→ Work item
Type out the entries again, matching each one exactly.
|---|
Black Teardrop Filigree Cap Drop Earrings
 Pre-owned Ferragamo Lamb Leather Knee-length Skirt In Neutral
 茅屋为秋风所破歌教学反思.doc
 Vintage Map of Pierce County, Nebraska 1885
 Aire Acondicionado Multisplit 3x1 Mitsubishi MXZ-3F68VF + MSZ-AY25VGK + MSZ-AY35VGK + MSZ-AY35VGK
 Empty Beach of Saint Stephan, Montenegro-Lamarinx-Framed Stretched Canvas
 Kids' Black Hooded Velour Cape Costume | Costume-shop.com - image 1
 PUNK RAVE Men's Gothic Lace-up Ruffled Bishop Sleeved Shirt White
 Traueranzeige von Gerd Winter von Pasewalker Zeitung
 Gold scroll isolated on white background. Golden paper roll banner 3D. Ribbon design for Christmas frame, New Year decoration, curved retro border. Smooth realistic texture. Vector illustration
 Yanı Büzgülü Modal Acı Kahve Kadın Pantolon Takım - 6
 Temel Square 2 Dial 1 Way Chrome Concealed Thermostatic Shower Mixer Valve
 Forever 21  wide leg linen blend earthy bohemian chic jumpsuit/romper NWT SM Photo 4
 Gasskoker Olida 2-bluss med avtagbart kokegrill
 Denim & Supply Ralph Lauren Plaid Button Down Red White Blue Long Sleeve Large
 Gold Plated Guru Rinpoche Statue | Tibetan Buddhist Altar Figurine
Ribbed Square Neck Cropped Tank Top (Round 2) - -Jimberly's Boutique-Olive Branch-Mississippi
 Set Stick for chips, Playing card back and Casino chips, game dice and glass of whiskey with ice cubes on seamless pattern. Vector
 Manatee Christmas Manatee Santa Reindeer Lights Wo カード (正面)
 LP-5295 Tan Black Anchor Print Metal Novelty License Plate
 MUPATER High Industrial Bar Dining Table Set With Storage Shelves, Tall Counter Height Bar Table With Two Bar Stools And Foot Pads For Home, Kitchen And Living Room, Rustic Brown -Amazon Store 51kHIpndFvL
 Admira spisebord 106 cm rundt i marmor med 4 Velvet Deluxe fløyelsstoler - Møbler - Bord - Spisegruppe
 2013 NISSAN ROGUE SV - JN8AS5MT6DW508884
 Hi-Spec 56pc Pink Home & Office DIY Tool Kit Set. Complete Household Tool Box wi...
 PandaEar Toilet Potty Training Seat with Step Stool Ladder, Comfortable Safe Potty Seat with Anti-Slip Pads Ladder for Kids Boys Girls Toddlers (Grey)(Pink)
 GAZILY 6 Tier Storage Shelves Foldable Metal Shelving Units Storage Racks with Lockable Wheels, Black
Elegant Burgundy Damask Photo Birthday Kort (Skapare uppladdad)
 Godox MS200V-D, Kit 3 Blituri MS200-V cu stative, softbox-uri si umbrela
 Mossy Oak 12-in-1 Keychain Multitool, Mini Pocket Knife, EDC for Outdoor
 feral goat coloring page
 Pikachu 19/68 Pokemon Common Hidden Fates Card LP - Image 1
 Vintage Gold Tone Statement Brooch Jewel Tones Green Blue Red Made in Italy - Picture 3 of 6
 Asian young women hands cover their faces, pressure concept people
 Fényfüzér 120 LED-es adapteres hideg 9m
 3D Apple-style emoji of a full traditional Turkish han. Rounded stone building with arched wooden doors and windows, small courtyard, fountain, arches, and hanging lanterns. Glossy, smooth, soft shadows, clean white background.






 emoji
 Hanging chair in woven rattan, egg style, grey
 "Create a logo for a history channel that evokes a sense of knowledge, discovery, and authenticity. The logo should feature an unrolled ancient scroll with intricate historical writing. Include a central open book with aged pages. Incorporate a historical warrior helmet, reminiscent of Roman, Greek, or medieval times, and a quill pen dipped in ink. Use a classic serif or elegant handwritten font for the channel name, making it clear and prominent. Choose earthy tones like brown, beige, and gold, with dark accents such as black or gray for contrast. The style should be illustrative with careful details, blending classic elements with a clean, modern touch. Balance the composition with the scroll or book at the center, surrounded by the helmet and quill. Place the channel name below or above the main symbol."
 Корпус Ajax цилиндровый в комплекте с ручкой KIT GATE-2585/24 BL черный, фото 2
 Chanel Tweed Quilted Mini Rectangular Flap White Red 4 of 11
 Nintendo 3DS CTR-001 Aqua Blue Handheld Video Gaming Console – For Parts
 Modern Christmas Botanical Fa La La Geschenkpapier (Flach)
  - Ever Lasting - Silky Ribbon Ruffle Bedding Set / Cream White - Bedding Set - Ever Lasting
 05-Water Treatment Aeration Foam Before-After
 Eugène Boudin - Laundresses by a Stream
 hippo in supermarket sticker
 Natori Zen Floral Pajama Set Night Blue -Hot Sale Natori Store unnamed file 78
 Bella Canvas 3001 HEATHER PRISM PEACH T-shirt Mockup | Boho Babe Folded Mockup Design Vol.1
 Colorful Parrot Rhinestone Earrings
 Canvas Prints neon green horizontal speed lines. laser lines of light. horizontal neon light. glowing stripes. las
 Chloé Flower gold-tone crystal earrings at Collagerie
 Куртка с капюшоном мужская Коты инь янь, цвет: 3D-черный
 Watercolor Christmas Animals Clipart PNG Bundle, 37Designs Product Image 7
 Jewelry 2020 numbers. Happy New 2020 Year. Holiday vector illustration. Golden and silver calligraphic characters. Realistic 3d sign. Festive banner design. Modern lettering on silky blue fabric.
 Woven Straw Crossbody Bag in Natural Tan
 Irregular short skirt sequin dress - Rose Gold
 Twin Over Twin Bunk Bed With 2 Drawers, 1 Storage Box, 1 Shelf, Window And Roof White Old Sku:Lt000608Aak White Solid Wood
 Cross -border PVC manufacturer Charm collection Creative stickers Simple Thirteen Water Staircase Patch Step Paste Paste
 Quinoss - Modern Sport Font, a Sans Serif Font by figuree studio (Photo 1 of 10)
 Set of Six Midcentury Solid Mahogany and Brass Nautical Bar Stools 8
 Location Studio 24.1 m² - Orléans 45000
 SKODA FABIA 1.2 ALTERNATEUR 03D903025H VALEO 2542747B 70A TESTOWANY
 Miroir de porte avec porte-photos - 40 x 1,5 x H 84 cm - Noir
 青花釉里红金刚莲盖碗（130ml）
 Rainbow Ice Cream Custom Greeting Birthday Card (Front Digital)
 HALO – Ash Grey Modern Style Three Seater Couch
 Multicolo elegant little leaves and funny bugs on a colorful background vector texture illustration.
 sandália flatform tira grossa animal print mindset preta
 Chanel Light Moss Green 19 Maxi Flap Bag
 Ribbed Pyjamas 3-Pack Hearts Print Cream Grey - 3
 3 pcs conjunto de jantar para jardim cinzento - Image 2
|---|
→ Exercise response
Black Teardrop Filigree Cap Drop Earrings
 Pre-owned Ferragamo Lamb Leather Knee-length Skirt In Neutral
 茅屋为秋风所破歌教学反思.doc
 Vintage Map of Pierce County, Nebraska 1885
 Aire Acondicionado Multisplit 3x1 Mitsubishi MXZ-3F68VF + MSZ-AY25VGK + MSZ-AY35VGK + MSZ-AY35VGK
 Empty Beach of Saint Stephan, Montenegro-Lamarinx-Framed Stretched Canvas
 Kids' Black Hooded Velour Cape Costume | Costume-shop.com - image 1
 PUNK RAVE Men's Gothic Lace-up Ruffled Bishop Sleeved Shirt White
 Traueranzeige von Gerd Winter von Pasewalker Zeitung
 Gold scroll isolated on white background. Golden paper roll banner 3D. Ribbon design for Christmas frame, New Year decoration, curved retro border. Smooth realistic texture. Vector illustration
 Yanı Büzgülü Modal Acı Kahve Kadın Pantolon Takım - 6
 Temel Square 2 Dial 1 Way Chrome Concealed Thermostatic Shower Mixer Valve
 Forever 21  wide leg linen blend earthy bohemian chic jumpsuit/romper NWT SM Photo 4
 Gasskoker Olida 2-bluss med avtagbart kokegrill
 Denim & Supply Ralph Lauren Plaid Button Down Red White Blue Long Sleeve Large
 Gold Plated Guru Rinpoche Statue | Tibetan Buddhist Altar Figurine
Ribbed Square Neck Cropped Tank Top (Round 2) - -Jimberly's Boutique-Olive Branch-Mississippi
 Set Stick for chips, Playing card back and Casino chips, game dice and glass of whiskey with ice cubes on seamless pattern. Vector
 Manatee Christmas Manatee Santa Reindeer Lights Wo カード (正面)
 LP-5295 Tan Black Anchor Print Metal Novelty License Plate
 MUPATER High Industrial Bar Dining Table Set With Storage Shelves, Tall Counter Height Bar Table With Two Bar Stools And Foot Pads For Home, Kitchen And Living Room, Rustic Brown -Amazon Store 51kHIpndFvL
 Admira spisebord 106 cm rundt i marmor med 4 Velvet Deluxe fløyelsstoler - Møbler - Bord - Spisegruppe
 2013 NISSAN ROGUE SV - JN8AS5MT6DW508884
 Hi-Spec 56pc Pink Home & Office DIY Tool Kit Set. Complete Household Tool Box wi...
 PandaEar Toilet Potty Training Seat with Step Stool Ladder, Comfortable Safe Potty Seat with Anti-Slip Pads Ladder for Kids Boys Girls Toddlers (Grey)(Pink)
 GAZILY 6 Tier Storage Shelves Foldable Metal Shelving Units Storage Racks with Lockable Wheels, Black
Elegant Burgundy Damask Photo Birthday Kort (Skapare uppladdad)
 Godox MS200V-D, Kit 3 Blituri MS200-V cu stative, softbox-uri si umbrela
 Mossy Oak 12-in-1 Keychain Multitool, Mini Pocket Knife, EDC for Outdoor
 feral goat coloring page
 Pikachu 19/68 Pokemon Common Hidden Fates Card LP - Image 1
 Vintage Gold Tone Statement Brooch Jewel Tones Green Blue Red Made in Italy - Picture 3 of 6
 Asian young women hands cover their faces, pressure concept people
 Fényfüzér 120 LED-es adapteres hideg 9m
 3D Apple-style emoji of a full traditional Turkish han. Rounded stone building with arched wooden doors and windows, small courtyard, fountain, arches, and hanging lanterns. Glossy, smooth, soft shadows, clean white background.






 emoji
 Hanging chair in woven rattan, egg style, grey
 "Create a logo for a history channel that evokes a sense of knowledge, discovery, and authenticity. The logo should feature an unrolled ancient scroll with intricate historical writing. Include a central open book with aged pages. Incorporate a historical warrior helmet, reminiscent of Roman, Greek, or medieval times, and a quill pen dipped in ink. Use a classic serif or elegant handwritten font for the channel name, making it clear and prominent. Choose earthy tones like brown, beige, and gold, with dark accents such as black or gray for contrast. The style should be illustrative with careful details, blending classic elements with a clean, modern touch. Balance the composition with the scroll or book at the center, surrounded by the helmet and quill. Place the channel name below or above the main symbol."
 Корпус Ajax цилиндровый в комплекте с ручкой KIT GATE-2585/24 BL черный, фото 2
 Chanel Tweed Quilted Mini Rectangular Flap White Red 4 of 11
 Nintendo 3DS CTR-001 Aqua Blue Handheld Video Gaming Console – For Parts
 Modern Christmas Botanical Fa La La Geschenkpapier (Flach)
  - Ever Lasting - Silky Ribbon Ruffle Bedding Set / Cream White - Bedding Set - Ever Lasting
 05-Water Treatment Aeration Foam Before-After
 Eugène Boudin - Laundresses by a Stream
 hippo in supermarket sticker
 Natori Zen Floral Pajama Set Night Blue -Hot Sale Natori Store unnamed file 78
 Bella Canvas 3001 HEATHER PRISM PEACH T-shirt Mockup | Boho Babe Folded Mockup Design Vol.1
 Colorful Parrot Rhinestone Earrings
 Canvas Prints neon green horizontal speed lines. laser lines of light. horizontal neon light. glowing stripes. las
 Chloé Flower gold-tone crystal earrings at Collagerie
 Куртка с капюшоном мужская Коты инь янь, цвет: 3D-черный
 Watercolor Christmas Animals Clipart PNG Bundle, 37Designs Product Image 7
 Jewelry 2020 numbers. Happy New 2020 Year. Holiday vector illustration. Golden and silver calligraphic characters. Realistic 3d sign. Festive banner design. Modern lettering on silky blue fabric.
 Woven Straw Crossbody Bag in Natural Tan
 Irregular short skirt sequin dress - Rose Gold
 Twin Over Twin Bunk Bed With 2 Drawers, 1 Storage Box, 1 Shelf, Window And Roof White Old Sku:Lt000608Aak White Solid Wood
 Cross -border PVC manufacturer Charm collection Creative stickers Simple Thirteen Water Staircase Patch Step Paste Paste
 Quinoss - Modern Sport Font, a Sans Serif Font by figuree studio (Photo 1 of 10)
 Set of Six Midcentury Solid Mahogany and Brass Nautical Bar Stools 8
 Location Studio 24.1 m² - Orléans 45000
 SKODA FABIA 1.2 ALTERNATEUR 03D903025H VALEO 2542747B 70A TESTOWANY
 Miroir de porte avec porte-photos - 40 x 1,5 x H 84 cm - Noir
 青花釉里红金刚莲盖碗（130ml）
 Rainbow Ice Cream Custom Greeting Birthday Card (Front Digital)
 HALO – Ash Grey Modern Style Three Seater Couch
 Multicolo elegant little leaves and funny bugs on a colorful background vector texture illustration.
 sandália flatform tira grossa animal print mindset preta
 Chanel Light Moss Green 19 Maxi Flap Bag
 Ribbed Pyjamas 3-Pack Hearts Print Cream Grey - 3
 3 pcs conjunto de jantar para jardim cinzento - Image 2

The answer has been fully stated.